O gênero Boechera (Brassicaceae) é composta por espécies sexuadas e apomíticas, permitindo análises comparativas de distúrbios meióticos e partenogênese. Hibridização, poliploidia e adaptação ambiental que surgiram durante a evolução de Boechera podem servir como reguladores (epi)genéticos da iniciação apomítica neste gênero.
Um modelo conceitual de eventos durante a reprodução de B. stricta diploide. (A) Apesar do alto autocruzamento (setas sólidas circulares), o cruzamento intraespecífico dentro ou entre populações pode acontecer (setas tracejadas circulares). Embora rara, a polinização de plantas diploides sexuais com pólen reduzido que introduz fatores apomíticos (epi-)genéticos pode contribuir para a ubiquidade de inter- ou intra-híbridos apomíticos diploides em todo o gênero que gerou variabilidade. O retrocruzamento com um genitor B. stricta torna as plantas de origem híbrida indistinguíveis de B. stricta puro. No entanto, outros eventos, como mudanças (epi-)genéticas, podem trazer e/ou manter novas características (aqui apomíticas), sem hibridez. (B) As diferenças que ocorrem durante os principais estágios do desenvolvimento sexual lembram características híbridas ou apomíticas. Durante a megasporogênese, há heterocronia no crescimento do óvulo (tegumento) dentro de um ovário, e também nos eventos meióticos (longevidade dos estágios MMC e díade), e a presença de muitas tríades. Durante a gametogênese, há uma falta de desenvolvimento do gametófito feminino com alguns óvulos e anteras não funcionais com grãos de pólen degenerados. Durante o desenvolvimento da semente, há interrupção da embriogênese ou aborto do embrião, um baixo número de sementes viáveis, mas em alguns casos desenvolvimento partenogenético. (C) Novas características de indivíduos de B. stricta podem se acumular (por autofecundação) e ser transferidas por cruzamento intra ou interespecífico, levando à geração de novos genótipos. ZLS, estrutura semelhante a zigoto.
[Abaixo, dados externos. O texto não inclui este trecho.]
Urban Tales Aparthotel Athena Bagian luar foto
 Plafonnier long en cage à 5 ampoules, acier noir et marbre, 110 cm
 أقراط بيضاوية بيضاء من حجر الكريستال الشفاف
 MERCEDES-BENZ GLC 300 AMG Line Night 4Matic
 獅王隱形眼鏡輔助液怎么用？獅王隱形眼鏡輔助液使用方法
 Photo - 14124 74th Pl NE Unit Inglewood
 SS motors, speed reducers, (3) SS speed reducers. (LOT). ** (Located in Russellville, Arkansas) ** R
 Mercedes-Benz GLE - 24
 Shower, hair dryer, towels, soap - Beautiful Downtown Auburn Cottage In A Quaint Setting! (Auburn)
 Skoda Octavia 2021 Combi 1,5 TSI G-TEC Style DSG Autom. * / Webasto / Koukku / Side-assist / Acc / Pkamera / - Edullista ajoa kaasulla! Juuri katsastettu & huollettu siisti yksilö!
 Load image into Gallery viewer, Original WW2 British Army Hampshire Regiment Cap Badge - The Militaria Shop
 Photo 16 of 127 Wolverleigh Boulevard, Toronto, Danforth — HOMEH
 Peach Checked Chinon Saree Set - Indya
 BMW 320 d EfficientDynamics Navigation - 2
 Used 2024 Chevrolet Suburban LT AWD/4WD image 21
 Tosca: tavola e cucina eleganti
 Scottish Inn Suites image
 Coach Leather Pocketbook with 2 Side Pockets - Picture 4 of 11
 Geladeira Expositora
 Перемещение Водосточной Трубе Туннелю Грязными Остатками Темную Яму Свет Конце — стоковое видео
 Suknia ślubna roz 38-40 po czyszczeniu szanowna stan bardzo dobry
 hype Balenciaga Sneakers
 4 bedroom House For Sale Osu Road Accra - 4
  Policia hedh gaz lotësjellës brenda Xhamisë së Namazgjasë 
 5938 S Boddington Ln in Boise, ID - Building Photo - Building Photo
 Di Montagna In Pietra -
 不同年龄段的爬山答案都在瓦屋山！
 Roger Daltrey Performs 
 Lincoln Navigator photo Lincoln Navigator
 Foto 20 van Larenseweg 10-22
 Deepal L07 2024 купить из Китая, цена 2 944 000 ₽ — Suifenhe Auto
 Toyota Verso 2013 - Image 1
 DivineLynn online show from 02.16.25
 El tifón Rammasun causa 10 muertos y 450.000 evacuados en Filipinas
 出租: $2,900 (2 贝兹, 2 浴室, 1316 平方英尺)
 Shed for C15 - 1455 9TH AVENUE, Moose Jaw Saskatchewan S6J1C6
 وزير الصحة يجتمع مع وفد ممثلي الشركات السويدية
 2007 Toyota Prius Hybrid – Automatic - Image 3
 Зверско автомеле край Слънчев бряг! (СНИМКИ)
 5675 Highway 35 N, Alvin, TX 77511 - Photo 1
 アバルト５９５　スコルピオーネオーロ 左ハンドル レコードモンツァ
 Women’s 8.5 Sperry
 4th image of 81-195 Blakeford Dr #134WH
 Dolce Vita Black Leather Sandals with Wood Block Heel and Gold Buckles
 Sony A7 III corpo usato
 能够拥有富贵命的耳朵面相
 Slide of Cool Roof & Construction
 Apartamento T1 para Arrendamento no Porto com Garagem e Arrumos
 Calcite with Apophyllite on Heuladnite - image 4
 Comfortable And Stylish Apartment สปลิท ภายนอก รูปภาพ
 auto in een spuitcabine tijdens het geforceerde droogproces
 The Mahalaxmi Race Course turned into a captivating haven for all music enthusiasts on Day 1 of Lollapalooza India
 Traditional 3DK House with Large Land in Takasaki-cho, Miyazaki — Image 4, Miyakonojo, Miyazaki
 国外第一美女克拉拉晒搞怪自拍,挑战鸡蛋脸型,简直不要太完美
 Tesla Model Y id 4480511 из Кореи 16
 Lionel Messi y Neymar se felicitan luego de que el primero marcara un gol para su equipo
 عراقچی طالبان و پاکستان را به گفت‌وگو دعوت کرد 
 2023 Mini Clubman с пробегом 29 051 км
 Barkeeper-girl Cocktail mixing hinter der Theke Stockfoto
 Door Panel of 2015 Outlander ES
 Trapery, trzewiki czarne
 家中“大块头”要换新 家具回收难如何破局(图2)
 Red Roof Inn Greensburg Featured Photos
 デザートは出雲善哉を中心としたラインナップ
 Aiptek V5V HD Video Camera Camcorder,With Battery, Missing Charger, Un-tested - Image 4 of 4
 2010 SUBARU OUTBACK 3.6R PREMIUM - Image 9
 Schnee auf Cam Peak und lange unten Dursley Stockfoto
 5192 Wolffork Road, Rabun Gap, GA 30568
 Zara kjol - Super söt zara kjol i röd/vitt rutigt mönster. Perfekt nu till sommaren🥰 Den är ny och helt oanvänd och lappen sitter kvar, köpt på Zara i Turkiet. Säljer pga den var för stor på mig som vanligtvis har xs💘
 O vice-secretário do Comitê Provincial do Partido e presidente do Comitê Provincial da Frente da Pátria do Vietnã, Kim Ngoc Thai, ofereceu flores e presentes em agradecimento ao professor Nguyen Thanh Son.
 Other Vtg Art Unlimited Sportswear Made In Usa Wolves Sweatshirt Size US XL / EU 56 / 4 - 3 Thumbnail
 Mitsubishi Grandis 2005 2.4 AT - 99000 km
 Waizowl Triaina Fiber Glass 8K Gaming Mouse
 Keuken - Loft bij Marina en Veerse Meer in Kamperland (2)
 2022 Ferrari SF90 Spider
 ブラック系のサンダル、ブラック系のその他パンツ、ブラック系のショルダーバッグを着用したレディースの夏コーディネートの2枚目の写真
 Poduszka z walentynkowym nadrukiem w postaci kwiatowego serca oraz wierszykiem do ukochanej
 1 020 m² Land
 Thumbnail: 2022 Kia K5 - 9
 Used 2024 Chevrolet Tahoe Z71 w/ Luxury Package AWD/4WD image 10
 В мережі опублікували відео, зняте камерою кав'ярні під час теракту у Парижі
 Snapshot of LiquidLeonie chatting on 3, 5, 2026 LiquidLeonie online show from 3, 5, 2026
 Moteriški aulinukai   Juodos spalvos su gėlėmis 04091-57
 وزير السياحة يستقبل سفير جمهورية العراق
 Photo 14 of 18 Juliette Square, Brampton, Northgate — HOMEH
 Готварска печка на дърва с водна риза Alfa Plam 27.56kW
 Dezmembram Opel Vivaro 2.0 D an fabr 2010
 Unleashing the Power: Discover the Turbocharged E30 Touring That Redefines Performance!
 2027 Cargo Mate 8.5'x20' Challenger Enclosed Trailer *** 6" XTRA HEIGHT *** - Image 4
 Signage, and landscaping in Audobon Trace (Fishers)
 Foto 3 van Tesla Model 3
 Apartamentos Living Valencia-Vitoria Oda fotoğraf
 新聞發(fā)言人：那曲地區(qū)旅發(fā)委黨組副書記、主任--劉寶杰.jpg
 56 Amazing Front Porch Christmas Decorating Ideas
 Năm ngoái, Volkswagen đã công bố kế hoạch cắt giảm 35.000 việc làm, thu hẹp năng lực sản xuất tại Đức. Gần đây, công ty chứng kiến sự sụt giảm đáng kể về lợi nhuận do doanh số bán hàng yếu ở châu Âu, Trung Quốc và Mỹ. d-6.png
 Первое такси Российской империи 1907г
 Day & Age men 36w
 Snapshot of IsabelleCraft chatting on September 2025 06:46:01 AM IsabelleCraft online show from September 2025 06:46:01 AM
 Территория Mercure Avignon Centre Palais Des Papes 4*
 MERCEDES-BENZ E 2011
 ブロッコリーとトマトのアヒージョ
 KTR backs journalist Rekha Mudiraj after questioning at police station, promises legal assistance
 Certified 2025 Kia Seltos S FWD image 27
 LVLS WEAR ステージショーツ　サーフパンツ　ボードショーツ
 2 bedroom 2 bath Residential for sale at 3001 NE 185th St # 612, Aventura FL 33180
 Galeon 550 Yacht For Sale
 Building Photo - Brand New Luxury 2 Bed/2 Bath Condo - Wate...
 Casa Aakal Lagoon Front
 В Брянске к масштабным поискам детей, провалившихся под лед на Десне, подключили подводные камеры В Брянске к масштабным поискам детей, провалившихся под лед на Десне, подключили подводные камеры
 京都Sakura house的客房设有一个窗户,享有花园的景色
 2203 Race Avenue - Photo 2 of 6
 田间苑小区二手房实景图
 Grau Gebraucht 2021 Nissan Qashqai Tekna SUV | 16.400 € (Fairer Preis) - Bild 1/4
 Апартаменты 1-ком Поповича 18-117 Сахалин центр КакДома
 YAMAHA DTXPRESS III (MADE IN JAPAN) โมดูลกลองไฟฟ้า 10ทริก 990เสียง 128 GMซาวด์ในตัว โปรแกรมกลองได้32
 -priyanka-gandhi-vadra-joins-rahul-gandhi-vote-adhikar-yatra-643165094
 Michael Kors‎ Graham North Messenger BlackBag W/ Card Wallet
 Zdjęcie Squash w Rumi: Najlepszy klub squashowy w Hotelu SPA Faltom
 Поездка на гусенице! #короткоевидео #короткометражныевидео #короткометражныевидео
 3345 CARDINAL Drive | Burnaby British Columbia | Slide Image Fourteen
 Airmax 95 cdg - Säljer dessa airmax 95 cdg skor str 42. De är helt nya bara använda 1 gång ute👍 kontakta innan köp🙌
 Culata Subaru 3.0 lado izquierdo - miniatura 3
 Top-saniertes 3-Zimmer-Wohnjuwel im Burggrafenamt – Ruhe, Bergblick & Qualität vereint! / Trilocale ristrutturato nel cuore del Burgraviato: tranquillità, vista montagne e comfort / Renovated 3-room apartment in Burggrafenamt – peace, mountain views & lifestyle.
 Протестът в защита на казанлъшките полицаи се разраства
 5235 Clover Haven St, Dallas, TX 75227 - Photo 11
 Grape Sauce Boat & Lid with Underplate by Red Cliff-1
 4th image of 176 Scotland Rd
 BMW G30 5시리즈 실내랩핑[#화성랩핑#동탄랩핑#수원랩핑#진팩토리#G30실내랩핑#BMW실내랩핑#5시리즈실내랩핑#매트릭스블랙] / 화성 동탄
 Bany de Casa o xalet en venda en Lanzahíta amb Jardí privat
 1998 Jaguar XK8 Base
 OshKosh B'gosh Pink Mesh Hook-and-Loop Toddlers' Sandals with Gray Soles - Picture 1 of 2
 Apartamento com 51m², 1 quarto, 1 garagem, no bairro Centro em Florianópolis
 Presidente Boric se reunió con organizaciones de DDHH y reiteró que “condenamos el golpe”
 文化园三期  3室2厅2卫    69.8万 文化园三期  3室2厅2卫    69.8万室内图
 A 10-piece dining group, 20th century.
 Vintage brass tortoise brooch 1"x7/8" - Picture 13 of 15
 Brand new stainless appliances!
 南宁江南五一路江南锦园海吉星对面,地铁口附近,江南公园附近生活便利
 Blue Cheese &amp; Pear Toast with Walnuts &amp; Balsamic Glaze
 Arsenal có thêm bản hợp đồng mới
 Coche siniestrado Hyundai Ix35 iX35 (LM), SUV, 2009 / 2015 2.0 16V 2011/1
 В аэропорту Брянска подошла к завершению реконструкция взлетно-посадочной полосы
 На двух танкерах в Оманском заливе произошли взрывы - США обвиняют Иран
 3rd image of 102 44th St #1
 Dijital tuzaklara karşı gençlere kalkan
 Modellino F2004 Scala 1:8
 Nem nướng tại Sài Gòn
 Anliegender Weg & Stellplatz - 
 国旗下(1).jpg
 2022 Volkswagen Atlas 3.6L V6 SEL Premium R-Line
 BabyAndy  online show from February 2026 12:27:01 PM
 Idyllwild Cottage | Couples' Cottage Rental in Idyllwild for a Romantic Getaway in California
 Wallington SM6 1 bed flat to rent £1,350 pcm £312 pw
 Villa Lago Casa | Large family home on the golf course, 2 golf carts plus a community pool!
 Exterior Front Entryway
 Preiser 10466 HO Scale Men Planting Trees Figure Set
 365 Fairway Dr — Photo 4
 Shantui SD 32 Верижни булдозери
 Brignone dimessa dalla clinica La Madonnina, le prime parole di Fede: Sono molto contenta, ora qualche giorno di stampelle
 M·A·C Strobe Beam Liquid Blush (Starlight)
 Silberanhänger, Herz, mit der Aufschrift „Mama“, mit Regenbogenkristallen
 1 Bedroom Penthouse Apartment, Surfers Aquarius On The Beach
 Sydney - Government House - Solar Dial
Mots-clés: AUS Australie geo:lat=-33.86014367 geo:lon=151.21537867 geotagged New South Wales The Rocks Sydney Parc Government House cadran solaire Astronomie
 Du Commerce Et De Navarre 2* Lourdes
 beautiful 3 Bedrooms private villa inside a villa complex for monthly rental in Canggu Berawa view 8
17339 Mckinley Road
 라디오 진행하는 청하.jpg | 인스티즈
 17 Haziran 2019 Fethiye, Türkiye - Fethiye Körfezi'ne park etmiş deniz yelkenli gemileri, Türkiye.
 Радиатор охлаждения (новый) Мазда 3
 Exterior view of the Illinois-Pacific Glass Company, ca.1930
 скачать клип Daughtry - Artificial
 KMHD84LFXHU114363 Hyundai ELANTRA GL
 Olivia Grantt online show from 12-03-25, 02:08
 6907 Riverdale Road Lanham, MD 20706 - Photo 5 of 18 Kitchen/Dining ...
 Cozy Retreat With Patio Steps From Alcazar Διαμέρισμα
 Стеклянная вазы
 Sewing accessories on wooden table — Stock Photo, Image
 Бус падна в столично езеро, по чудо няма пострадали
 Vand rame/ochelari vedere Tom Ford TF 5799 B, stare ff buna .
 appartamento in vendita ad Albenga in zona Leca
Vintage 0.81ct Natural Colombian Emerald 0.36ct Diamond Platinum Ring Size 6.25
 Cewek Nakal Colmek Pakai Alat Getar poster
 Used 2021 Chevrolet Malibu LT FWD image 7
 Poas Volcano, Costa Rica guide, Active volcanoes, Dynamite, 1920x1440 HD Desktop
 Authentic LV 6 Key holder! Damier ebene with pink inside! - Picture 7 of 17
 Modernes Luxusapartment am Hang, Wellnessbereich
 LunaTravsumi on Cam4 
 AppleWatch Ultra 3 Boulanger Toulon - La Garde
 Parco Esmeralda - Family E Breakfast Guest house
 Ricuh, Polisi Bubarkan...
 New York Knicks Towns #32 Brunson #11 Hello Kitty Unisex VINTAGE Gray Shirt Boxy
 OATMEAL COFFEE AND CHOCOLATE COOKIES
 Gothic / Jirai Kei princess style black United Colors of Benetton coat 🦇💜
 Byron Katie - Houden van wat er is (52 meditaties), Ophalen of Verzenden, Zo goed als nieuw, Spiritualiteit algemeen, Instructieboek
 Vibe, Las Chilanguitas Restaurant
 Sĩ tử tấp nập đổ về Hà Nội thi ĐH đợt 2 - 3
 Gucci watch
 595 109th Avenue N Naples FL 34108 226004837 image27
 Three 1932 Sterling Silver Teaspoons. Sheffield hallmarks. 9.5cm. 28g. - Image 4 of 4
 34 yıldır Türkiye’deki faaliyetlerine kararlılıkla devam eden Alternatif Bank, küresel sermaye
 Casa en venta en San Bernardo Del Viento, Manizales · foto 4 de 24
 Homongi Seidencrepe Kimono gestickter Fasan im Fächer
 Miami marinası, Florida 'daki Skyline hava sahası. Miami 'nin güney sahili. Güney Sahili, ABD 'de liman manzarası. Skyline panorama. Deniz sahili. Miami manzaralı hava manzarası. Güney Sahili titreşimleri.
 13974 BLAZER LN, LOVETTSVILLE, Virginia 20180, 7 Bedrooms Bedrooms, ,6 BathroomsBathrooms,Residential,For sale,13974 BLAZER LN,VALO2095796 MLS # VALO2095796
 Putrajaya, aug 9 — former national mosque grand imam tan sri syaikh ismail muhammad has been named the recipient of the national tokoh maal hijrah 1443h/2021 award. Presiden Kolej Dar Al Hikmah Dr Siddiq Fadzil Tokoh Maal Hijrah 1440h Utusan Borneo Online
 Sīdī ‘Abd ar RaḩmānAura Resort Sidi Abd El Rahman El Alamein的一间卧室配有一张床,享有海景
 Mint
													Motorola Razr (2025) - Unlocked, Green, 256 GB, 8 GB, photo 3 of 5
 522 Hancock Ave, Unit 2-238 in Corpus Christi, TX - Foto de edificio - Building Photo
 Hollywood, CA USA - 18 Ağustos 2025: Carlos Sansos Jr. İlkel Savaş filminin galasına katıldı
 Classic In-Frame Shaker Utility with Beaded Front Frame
Enxame et al. focalizar B. estrita, uma espécie de reprodução principalmente sexuada que também é caracterizada por indivíduos apomíticos, implicando assim uma variação da formação de sementes estritamente sexuadas. Eles abordam esse enigma reprodutivo por meio de investigações moleculares e citoembriológicas do desenvolvimento da flor. Os resultados implicam que B. estrita é uma espécie com uma capacidade subjacente para iniciar a apomixia. Os achados demonstram que a existência de apomixes em uma forma sexual diploide B. estrita pode fornecer os blocos de construção genômicos para estabelecer diplóides apomíticos altamente penetrantes e parentes híbridos.